I don't know of any available statistics for the size of the interned 
String table.  But it is all open source, so you could add something. 
(Warning: That code is ugly, and it's among the oldest code in the VM.)

But likely other people have other, better ideas.

			... peter

> Subject: 	Re: Sun > Forums > Isolating a PermGen error
> Date: 	Thu, 02 Oct 2008 21:53:37 +0300
> From: 	Eyal Zfira <eyalzf at gmail.com>
> To:   	Peter B. Kessler <Peter.Kessler at Sun.COM>
> 
> The PermGen usage leap is caused by running a crystal report for the 1st 
> time. I noticed (by analyzing a heap dump) that there's a crystal thread 
> keeping some objects alive. My problem is that the PermGen usage keeps 
> raising with every report I generate (I have an open thread with Crystal 
> as well). I also noticed (using JConsole) that the loaded classes are 
> not kept still while the PermGen usage still rises. Is there a way to 
> find out whether it's interned strings or class problem? What is the 
> best way to "attack" a misused classloader problem?
> 
> Eyal
> 
> On Thu, Oct 2, 2008 at 9:09 PM, Peter B. Kessler <Peter.Kessler at sun.com 
> <mailto:Peter.Kessler at sun.com>> wrote:
> 
>     Thanks for the detailed log.
> 
>     You are, as you suspected, running out of permanent generation
>     space.

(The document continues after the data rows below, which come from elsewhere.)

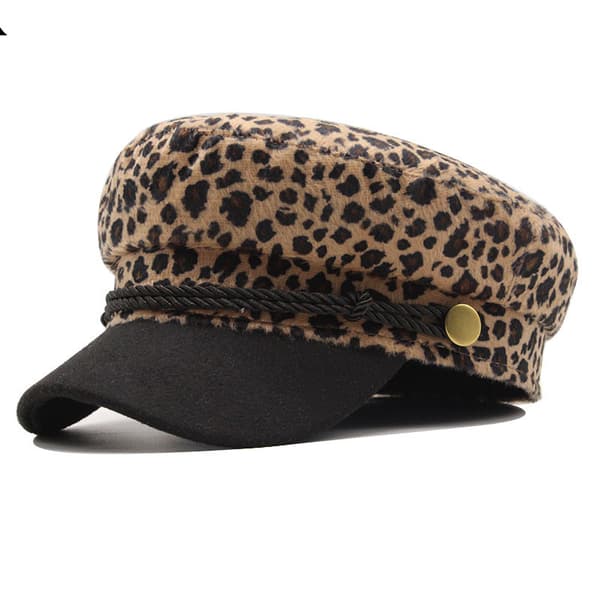 Dam Beret med Spikar Vinter Ivy Flat Hatt Leopard Beret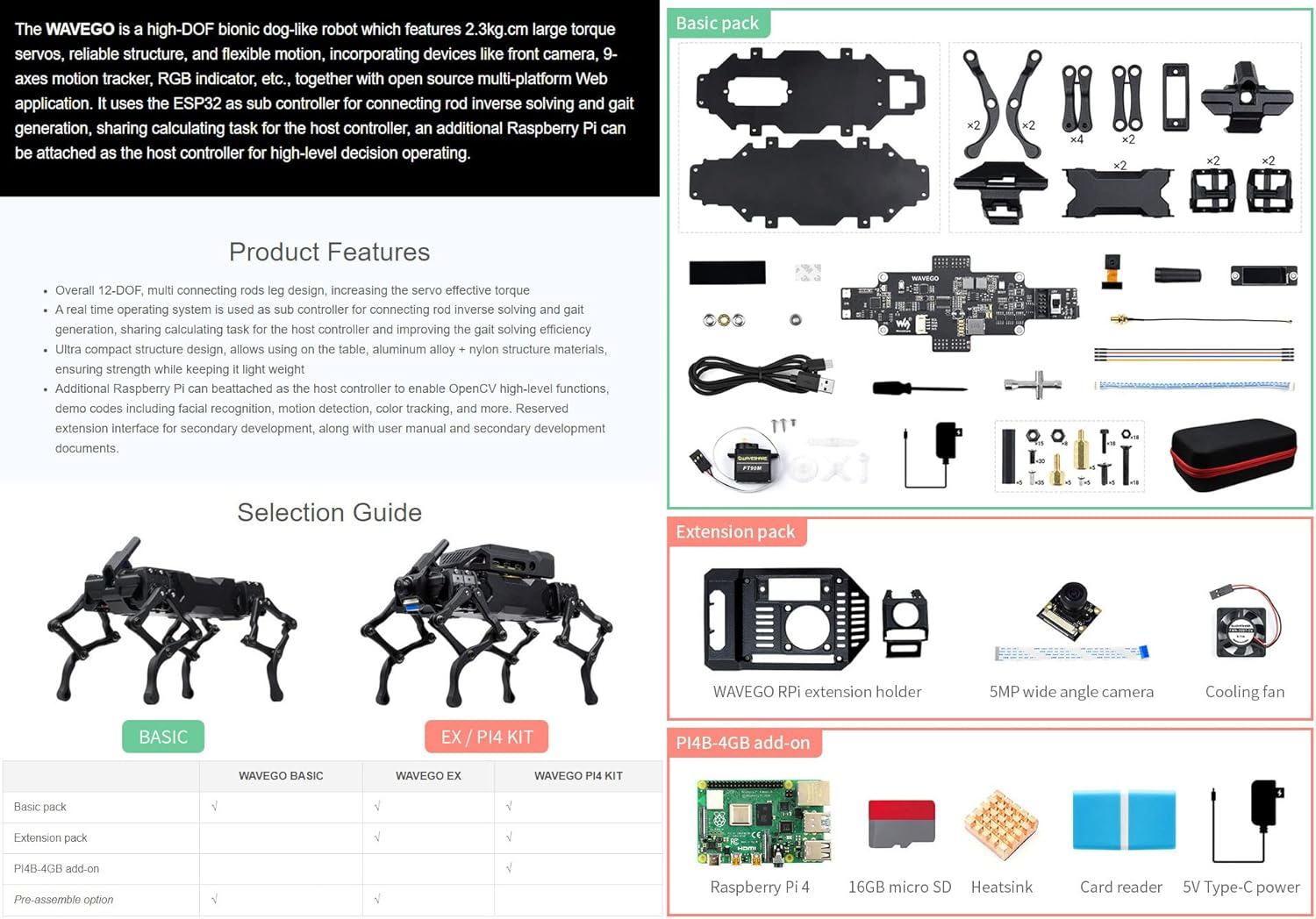 Waveshare WAVEGO 12-DOF Bionic Dog-Like Robot Open Source for ESP32 and PI4B Facial Recognition Color Tracking Motion Detection with Raspberry Pi Extension Holder (22 Items)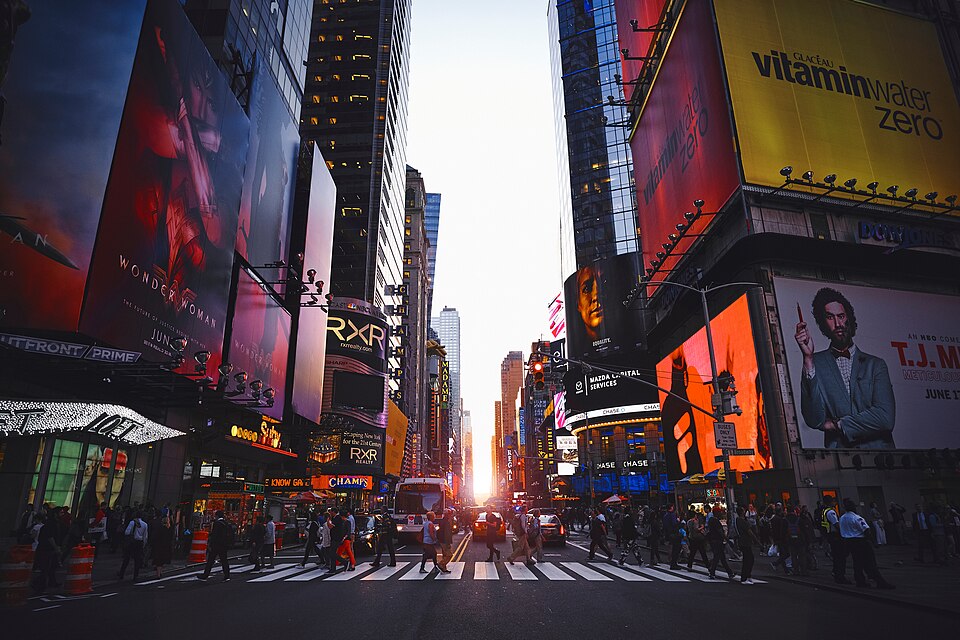 Times Square, three blocks east (Manhattan Plaza)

That doesn't tell you why you are filling that space, but it
>     does tell you where to look: loaded classes and interned Strings.
> 
>     Except for the collection at 191.200, none of your collections frees
>     up any real space in the permanent generation, and that's after a
>     run up from ~40MB to 64MB from 183.652 to 190.850.  Can you
>     correlate that part of the run with things your application is
>     doing?  (That might also be a red herring.)
> 
>     If those objects are live (that is, if the collector is doing its
>     job, which I think it is), then you will have to figure out why they
>     are being retained.  That's real work.  If you were expecting
>     classes to be unloaded, you'll have to find why they are being
>     retained.  Usually that turns out to be because of the way you've
>     split class up among classloaders.  If you are interning that many
>     Strings, then you'll have to increase the size of the permanent
>     generation, or write your own equivalent of String.intern (think
>     WeakHashMap) so the unique copies of the Strings are kept in the
>     heap, not in the permanent generation.
> 
>                            ... peter
> 
>     Eyal Zfira wrote:
> 
>         Peter,
> 
>         First of all, thanks for the quick response.
>         You are more than welcome to publish this discussion (I'll
>         subscribe to the mailing list as well).
> 
>         Here is the more detailed GC log. I'm also monitoring the
>         application using JConsole and I keep seeing the PermGen memory
>         raising. ....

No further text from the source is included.